I have diabetes. If you do too, don’t be secretive about it. You should let people around you know, so if you experience side effects such as passing out or becoming less than lucid, they’ll have some idea what’s going on.
As with many people who have diabetes, I take a lot of medicine for it and the medicine is expensive. I’m fortunate to have excellent prescription drug insurance, although the company that manages that coverage for my supplemental drug plan leaves a lot to be desired.
Lately, they’ve been changing the formulary for what drugs they cover. Sometimes there are good reasons for that. Sometimes, less so. As an example, if your doctor wrote you a subscription for Synthroid, a medicine to help with thyroid problems, and allowed the pharmacy to fill it with a generic, you still got Synthroid, which is a brand name. Why? Because Synthroid was judged to be more effective than any of the generics available. That’s changed this year. Now, if a generic is allowed, I get a generic. So, I hope the generics are improved. I guess we’ll see with my next blood test.

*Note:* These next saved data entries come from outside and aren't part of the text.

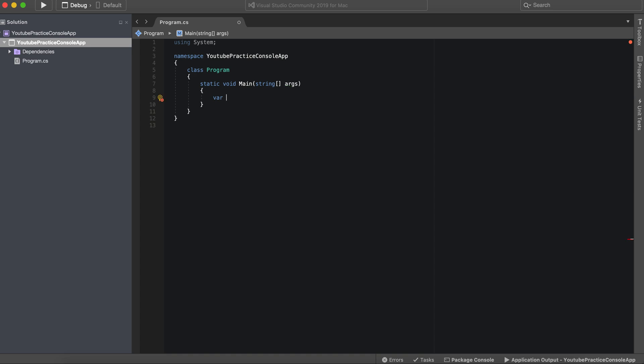So let's make a variable here and just call it index and we'll have it equal zero. Alright, so while loop essentially means that while this value, whatever the value is, is true, it's going to continue to loop.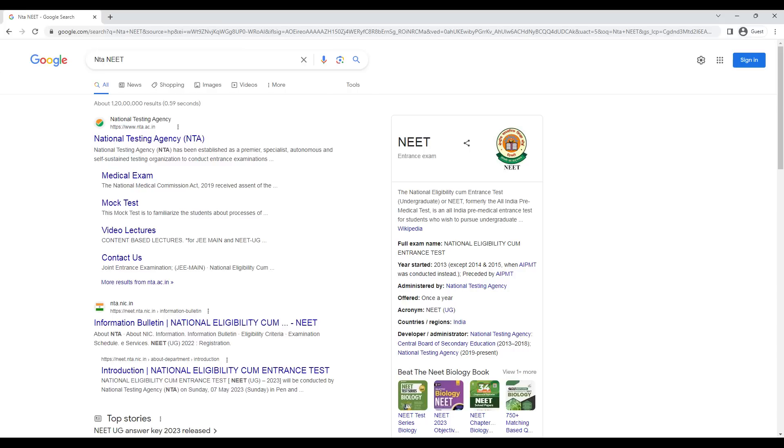It's a simple way. What do you have to do? There is a website of NTA. You have to go to this NTA website.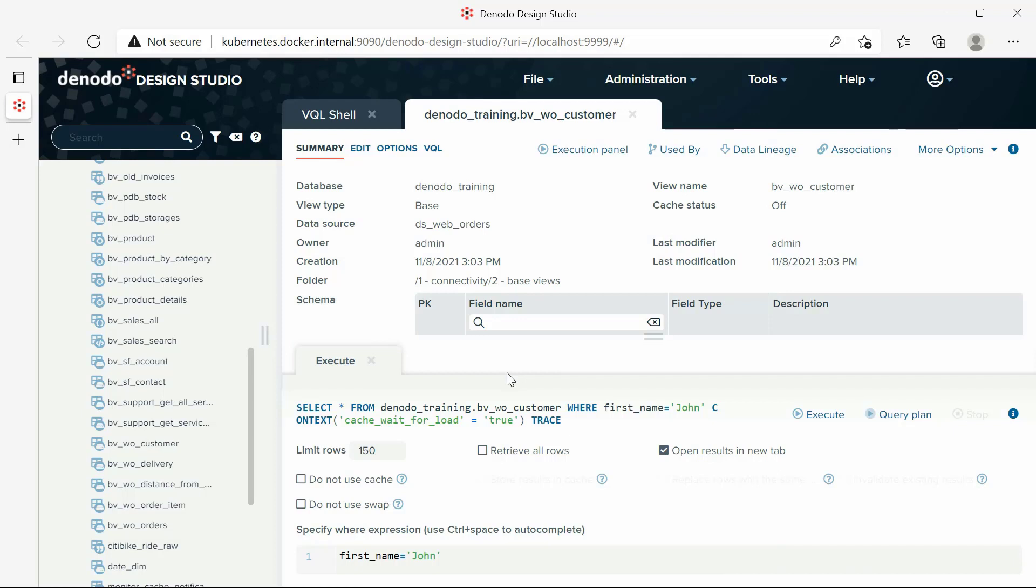Do not use swap. Denodo Platform stores some intermediate results in disk, in some cases, when the amount of data exceeds the memory limit configured by a Denodo administrator. Enabling this checkbox will make the intermediate results not to be swapped to disk.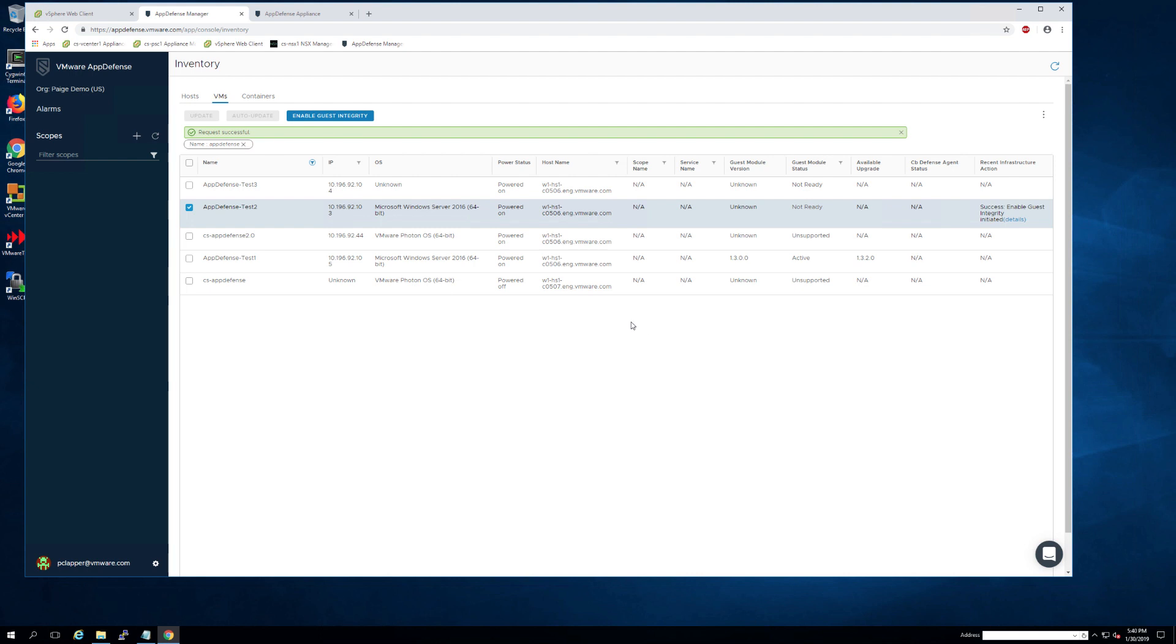First you want to choose the VMs that you want to deploy to and enable guest integrity. This will cause a reboot.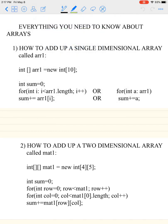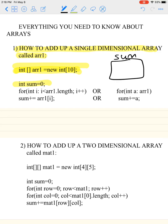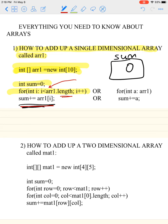Everything you need to know about arrays. First is how to add up a single dimensional array. I'm going to call all my single dimensional arrays ARR1, and I'm going to pretend that I already have an array that has 10 integers in it. So ARR1 is our array. First, we create a variable called sum, initialized to zero, and it goes through the array adding every number. For arrays, use a for loop with dot length. If it's an ArrayList, use dot size. Make sure we don't go out of bounds — it's less than, not less than or equal.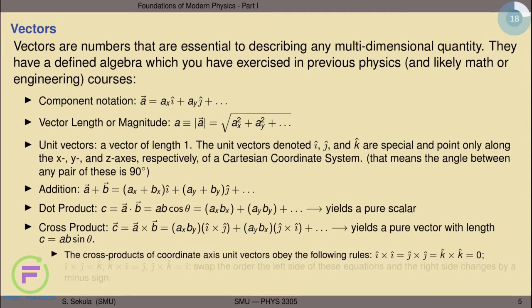The dot product of two vectors a and b, denoted with a little dot between them, is a pure scalar whose size is the magnitude of a times the magnitude of b times the cosine of the angle between them. In component notation, you multiply the x components together, multiply the y components together, and so on, then add all those products together — yielding a pure number with no direction. The cross product of two vectors a and b yields a vector c, denoted with a cross multiplicative sign. It has a length given by the magnitude of a times the magnitude of b times the sine of the angle between them, and vector c always points at exactly a right angle to both a and b.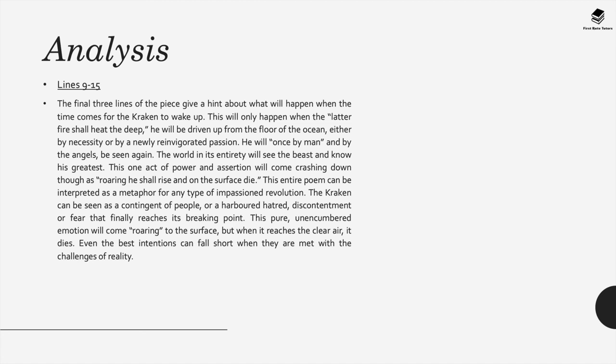Now this entire poem can be interpreted as a metaphor for any type of impassioned revolution. The Kraken can be seen as a contingent of people who have perhaps a harbored hatred or discontentment or oppressed fear that finally reaches a breaking point and then there's a pure unencumbered emotion that comes roaring to the surface. But when it reaches the clear air, it then dies.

The latest issue is with another brand-name drug, Invokana. Although my insurance has been paying for it over the last six years or more, and paid for it in February, they’ve decided they won’t anymore. They will pay for Jardiance or Farxiga. Nobody told me if it’s because those newer drugs are more effective in lowering blood sugar, because they’re less expensive, or both. It’s not because the replacements are generic. Both are brand names as well. And make no mistake, Invokana is expensive—somewhere between $500 and $600 a month for the dosage I take if I buy it at retail. I’m pretty sure the insurance gets a discount though.
I’m all for reducing cost. I try to do it in my personal life, and I used to be a municipal auditor and a municipal treasurer, so I did it in my work life too. The problem is, Invokana is superior to Jardiance or Farxiga in at least one respect. I’m neither a doctor nor a pharmacist, but from what I’ve read, Invokana has benefits for the kidney disease that often results from diabetes while the alternatives do not.
So, now I am jumping through hoops to get my doctor to get a prior authorization and get my prescription filled before I run out of pills at the end of next week. And because of the COVID 19 pandemic, it’s harder to find hoops or to find someone to hold the hoops so I can jump through them. I hope this is all resolved within the next two weeks, before I run out of Invokana and/or patience.